I noticed three things:

  1. There’s great anticipation in ‘being found’
  2. Not all hiding places are effective
  3. When found, I get to choose how I respond

There is anticipation in ‘being found’…

When I heard “23… 24… 25… ready or not here I come,” I sucked in my breath. Knowing someone is looking for you creates anticipation and longing. It awakens your senses to be more alive, listening to what is around you and noticing the space you occupy. How often do I “hide” from God wanting to know that someone is looking for me?

I do this with God sometimes. I mean, God and I have been in relationship for a long time and often I need to be reminded of what it feels like to be found, again and again and again. So I “hide” behind a feeling of justification for an action I know has hurt another, maybe just for a bit, and I know full well that God and I are going to need to address, once again, how to walk in forgiveness. If one has known real freedom, one rarely chooses to stay hidden for long.

Not all hiding places are effective…

The best thing about hiding with a four year old is when their small hand is pulling you to hide in a place where your sheer size difference will expose you, not them.

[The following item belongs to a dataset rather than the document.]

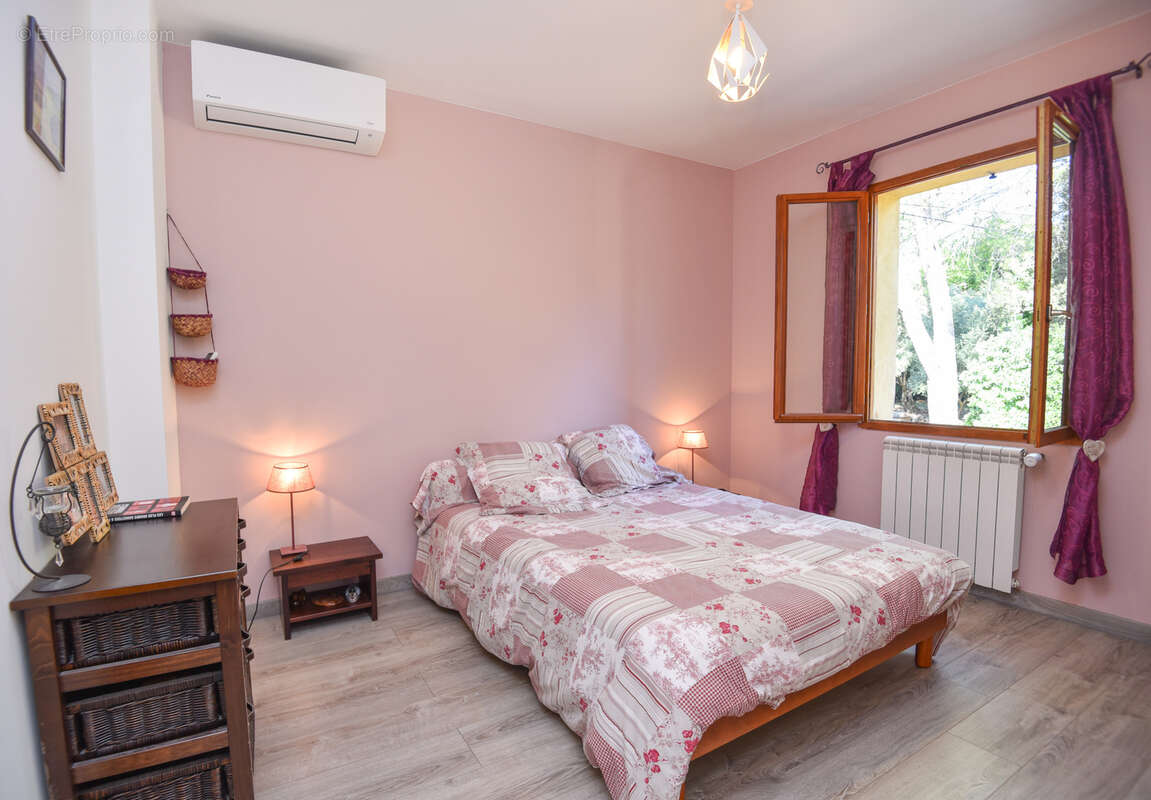 Maison à LE THORONET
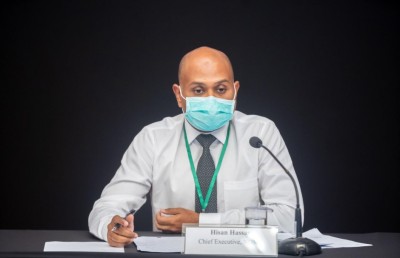 އަގުބޮޑުކޮށް މުދާ ގަނެވުނީ ނޭނގި، އެ ފައިސާ އަނބުރާ ހޯދިން: އެންޑީއެމްއޭ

Their sweet minds deem it fit for two when, as an adult, I know I have long outgrown THIS perfect place. Like an ostrich with their head stuck in the sand, I join with them, pretending by closing my eyes, covering my face, thinking myself hidden only to be the first to be found – exposed.

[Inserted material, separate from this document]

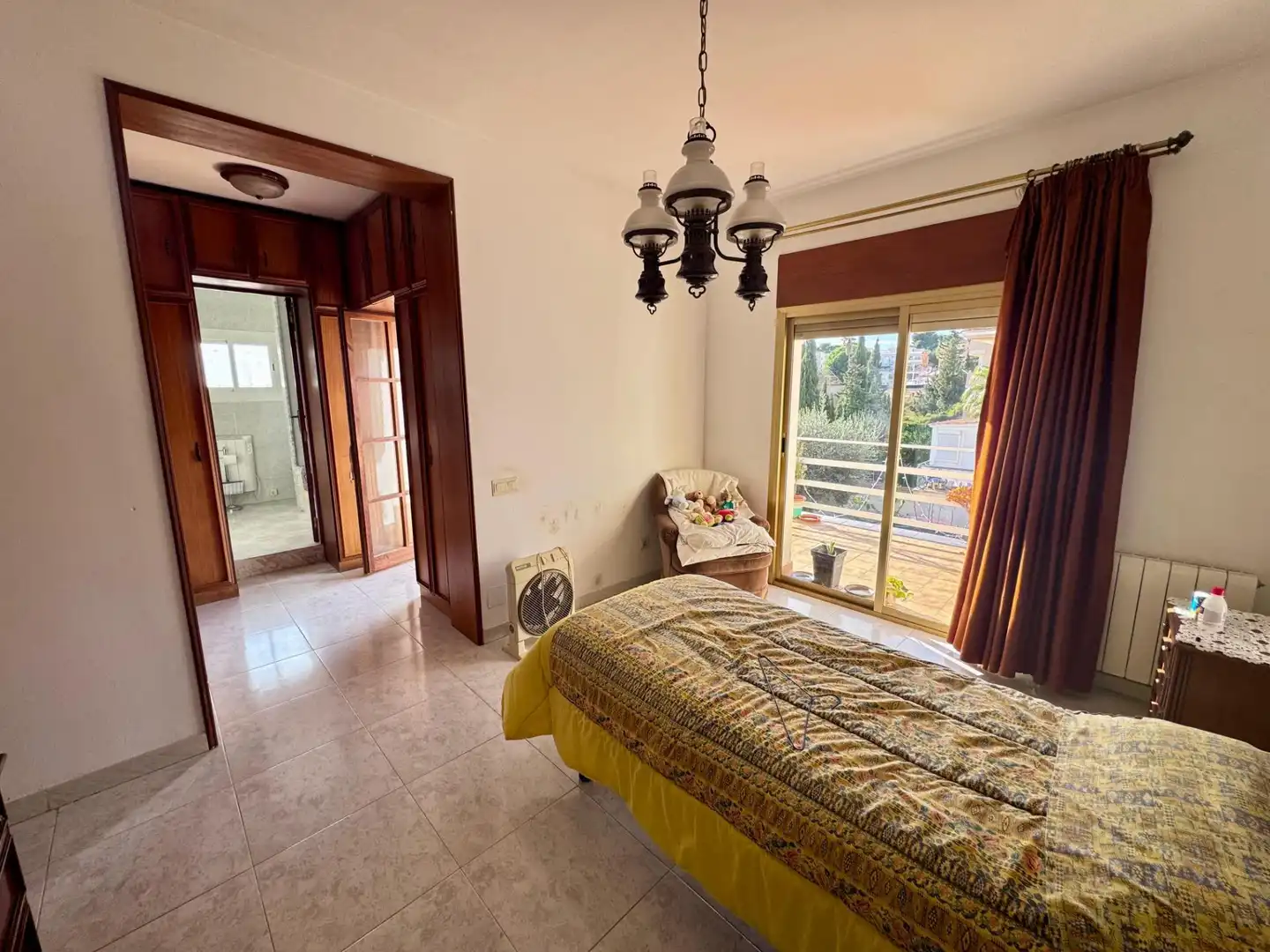 Habitación de Casa o chalet en venta en Calafell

Oh yes, I do this with God as well – ask a question and then avoid hearing the answer because I really want another one. I pray, “Please forgive me my sins” when what I really mean is – bummer I got caught. And maybe this place in our relationship is about letting me remember that I can hide, but really I know I need to be found.

When I’m found, I choose how to response…

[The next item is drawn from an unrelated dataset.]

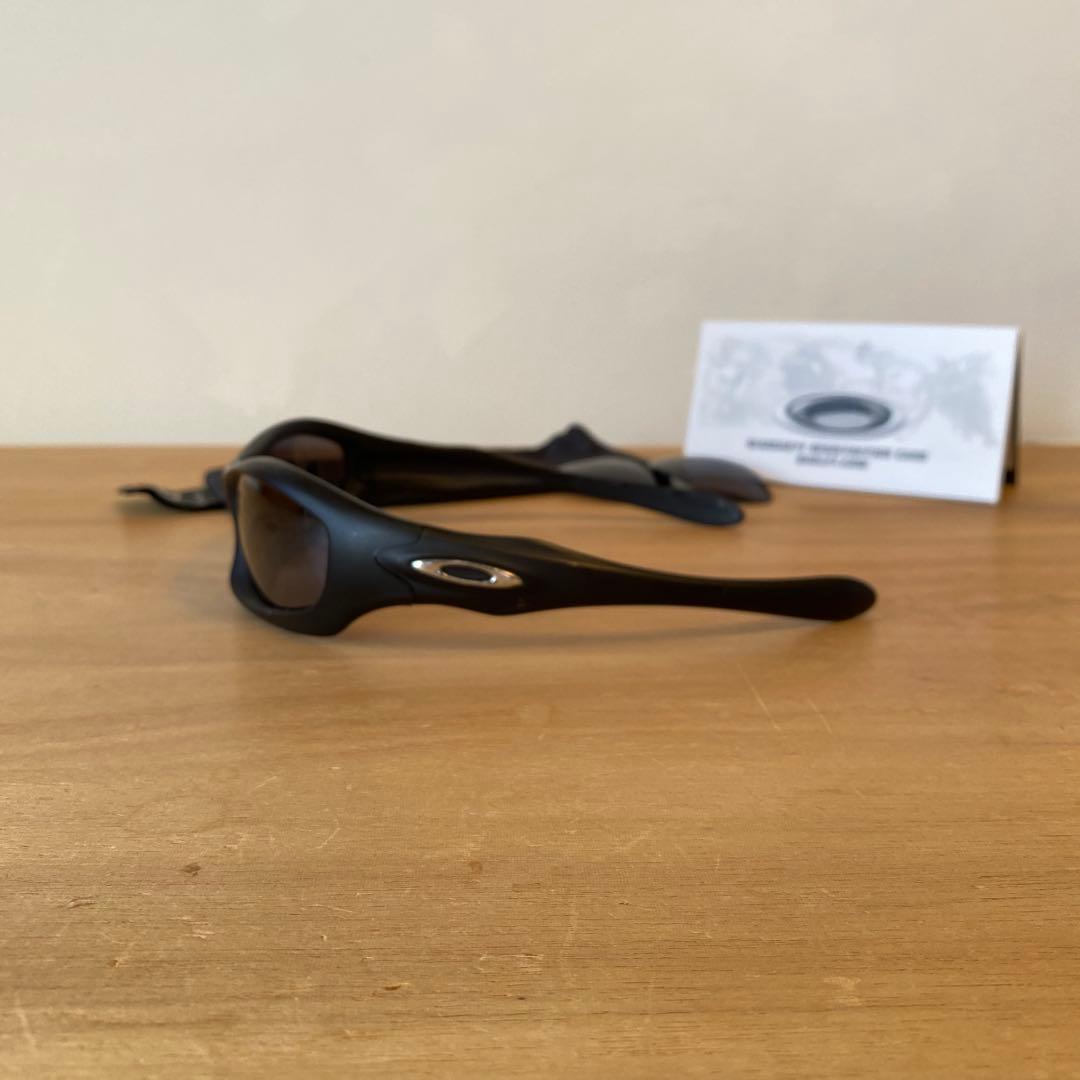 OAKLEY オークリー MONSTER DOG ビンテージUSA製サングラス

We played for close to thirty minutes and then last round was called. I was hiding behind pillows of a coach. As I lay there, my one-eyed view of the ceiling, I listened to the sounds of the searching – no one was finding me. Then I heard, “Becky, can you give us a hint?” I raised my fingers up above the pillows and suddenly found a small face peering over at me saying, “I found you!”

Yes you did.

Too often it is not my response to even want to give God a hint – though I know “hiding” is really ineffective when talking about the Creator. But yet, there comes a time when God must make a final call to our hiding. Think of Jonah going from the bottom of a boat to the belly of a fish. God did’t make him come out of hiding, the wind and waves were part of the ways to call him out of his hiding place. After everyone else endured a storm that was meant to call him out, God essentially says, “Want to give me a hint about how to get you out of this boat?” And Jonah’s response is kind of like waving his hand – here I am, I will jump in the water. God graciously swoops in with a fish to scoop him up, “I found you!”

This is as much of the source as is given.